Game 3 in South Philly on Friday night featured, among other things, the return of the Phantom of the Process, and Danny Green continuing his fluctuation between the worst and best shooter in basketball. Most importantly for the Sixers, they came out with a 99-79 victory over the Miami Heat to cut their series deficit to 2-1.
Just like he did down the stretch of his 34-point effort in Miami in Game 2, Tyrese Maxey once again came alive in a major way in the second half. After attempting just three shots prior to halftime, Maxey exploded to the tune of 21 points on 7 of 8 shooting, including 5 of 5 from three-point land, along with three assists and two steals in the second half to help the Sixers pull away.
“I just started to be aggressive,” Maxey said after the game. “I was trying to let the game come to me a little bit. We’ve got the big fella back. James was attacking and doing a really good job of that. I don’t have to really force anything — just kind of get where I fit in. When it’s time to make big shots, I’m going to try to make some big shots.”

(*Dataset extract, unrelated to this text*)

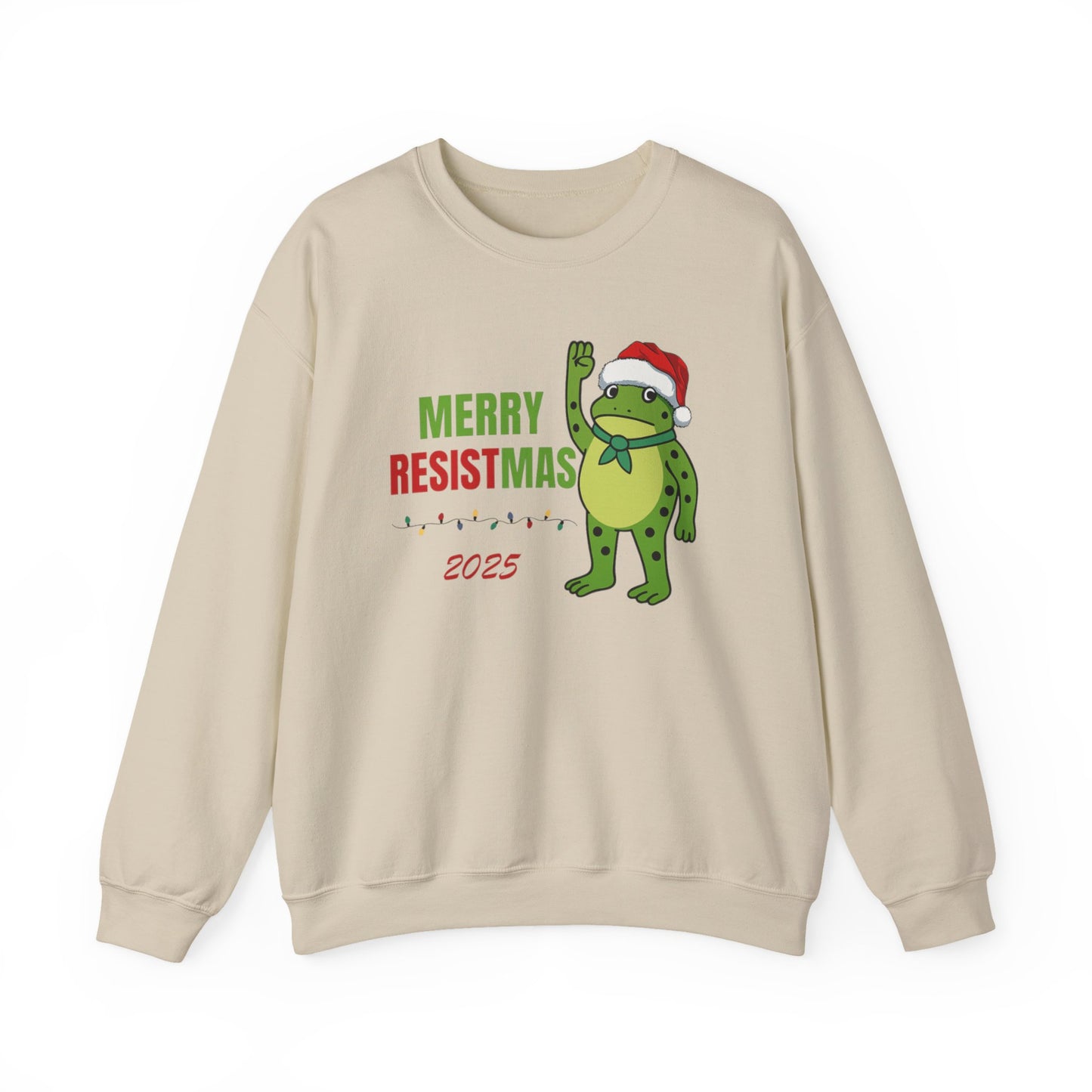 Merry Resistmas 2025 Crewneck Sweatshirt - Unisex Holiday Gift, Christmas Sweater, Funny Sweatshirt, Winter Apparel, Seasonal Fashion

Unlike his uneven first half in Game 2 when Miami forced him into a ton of tough looks, Maxey seemingly went AWOL for the first 24 minutes of game time in Game 3. Whether it was due to general disinterest, a lack of involvement on offense, or a combination of both, Maxey spent most of the first half as a bystander, still logging a pair of assists but generally looking passive and even indecisive at times.
His tendency to wax and wane, even when he was at the controls with Harden on the bench, is something Doc Rivers acknowledged after the game.
“We have James, who’s a great ball handler, and Tyrese a lot of times just kind of goes away,” Rivers said. “And I told them all, we’ve got to make a conscious effort — that can’t happen. We can’t get let him go away; he’s too important to our team.”
He certainly couldn’t have picked a better time to finally get going. With the Heat chipping away at the Sixers’ lead, even managing to tie the game towards the tail-end of the third quarter, Maxey hit a huge straightaway three and followed it up with a steal and finish to push the lead back up to five.
The fourth quarter was when he truly found his groove. He hit all four of his threes, nailed a tough runner off one leg, added two more assists, and pulled off quite possibly one of the best plays of the season:
Tyrese Maxey's hustle to sprint back, get the steal, and make this recovery pass was absolutely ridiculous. pic.twitter.com/ohwiGrUHCz— Tom West (@TomWestNBA) May 7, 2022
Quick side-note: besides Embiid, no one can get the people going like Maxey with the pure joy and effort he plays with. If Embiid is the people’s champ, Maxey is a close runner-up.
By the time the dust settled, the Sixers rode the momentum of Maxey’s quarter-long heater to what ended up being a comfortable margin of victory. 14 points on 5 of 5 shooting in one quarter to close out a tough opponent isn’t too shabby.
Maxey being capable of going full takeover mode in a game’s most important moments is nothing new. There are plenty of examples to choose from. Just to name a few: the Sixers’ overtime victory against the Grizzlies without Joel Embiid, their shorthanded win against the Heat without Embiid and Harden, and even their Game 1 victory against the Raptors when he led the way with 38 points to put Toronto away for good.
“It’s what he’s been doing all year, and he’s not a kid that lacks confidence at all,” Danny Green said. “We need him to continue to be that and continue to do that. He knows it’s his show out there when James is not on the floor with Jo. Even when they are on the floor, we need him to be aggressive.”
It’s a gear the Sixers will always surely embrace to the fullest. With Harden settling into his role as lead facilitator and Embiid still clearly getting back into the swing of things after his extended absence, these Sixers need instant offense in any shape or form. Getting just that out of Maxey, preferably for a full 48 minutes, is imperative if they want to extend their playoff run.
While it’s probably premature to call him a closer, he’s shown to be more than capable of delivering in some massive moments when his number is called.